Wobei allerdings der Kameramann heute viel stärker als früher die digitale Postproduktion im Blick haben muss…?
Das ist absolut so.

Also würden Sie den Herstellern von HD-Kameras vermutlich empfehlen, immer auch den Prozess der digitalen Postproduktion im Auge zu behalten, so wie es Arri ja auch mit seinem Digital-Intermediate-Service im Filmbereich tut?
Wichtig ist, dass in Zukunft der Kontrastumfang und die Farbtiefe der HD-Kameras höher werden müssen. Heute gibt es aber noch keine Chips, die es können. Es gibt auch noch keine Chips, die so ausgelesen werden können, dass daraus eine anständige Zeitlupe gemacht werden könnte. Und wenn man eine höhere Farbtiefe haben will, entstehen mehr Daten, die gespeichert werden müssen.

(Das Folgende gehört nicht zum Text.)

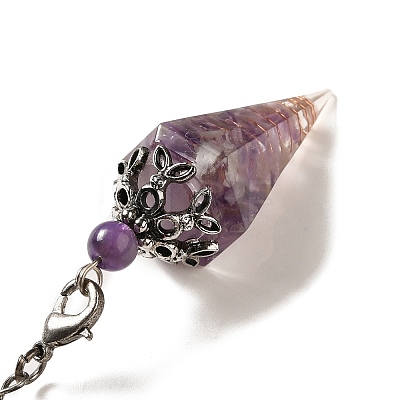 Natural Amethyst Dowsing Pendulum Big Pendants G-H285-02P-03-1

Also muss man sich nicht nur überlegen, wie kriege ich das vorne an der Kamera hin, dass die mehr Daten verarbeiten kann, sondern man muss auch überlegen, wohin mit den vielen Daten bei der großen Geschwindigkeit. Das alles sind Themen, die im Moment noch nicht ausreichend bewältig worden sind. Niemals würde ich aber sagen, „auf keinen Fall digital“. Wir sind in einem fließenden Prozess, wo man im Augenblick keine allgemeine Aussage machen kann. Man muss sich jedes Projekt sehr genau angucken und überlegen, welche Untiefen technischer oder ästhetischer Natur sich auftun können, und mit welchem Tool ich es am besten machen kann. Es gibt Sachen, die würde ich sofort digital machen, bei anderen würde ich mich hüten.

Gerade Ihr letzter Kinofilm fällt durch eine wunderbare Bildsprache auf…

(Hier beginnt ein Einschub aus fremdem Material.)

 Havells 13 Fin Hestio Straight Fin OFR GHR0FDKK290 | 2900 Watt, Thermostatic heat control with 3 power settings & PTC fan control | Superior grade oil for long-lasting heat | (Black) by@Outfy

Das war eine spannende Geschichte! Meinen letzten Film „Ulzhan – Das vergessene Licht“ von Volker Schlöndorff habe ich analog gedreht und digital in 2 K bei Arri gepostet. Das war ein wunderbarer Weg, den Film so zu beeinflussen, genauso, wie ich es wollte. Wenn ich in Kasachstan unter den abenteuerlichen Dreh-Bedingungen, die wir hatten, digital gedreht hätte, wäre ich total verloren gewesen: Sandsturm in der Wüste, Schneesturm auf dreieinhalbtausend Meter Höhe – da ist uns jedes elektronische Teil ausgefallen. Das einzige, was gelaufen ist, war die 35mm-Kamera. Das ist aber eine Situation, die in der Werbung selten eine Rolle spielt, weil man sich da nicht so häufig so extremen Situationen aussetzt.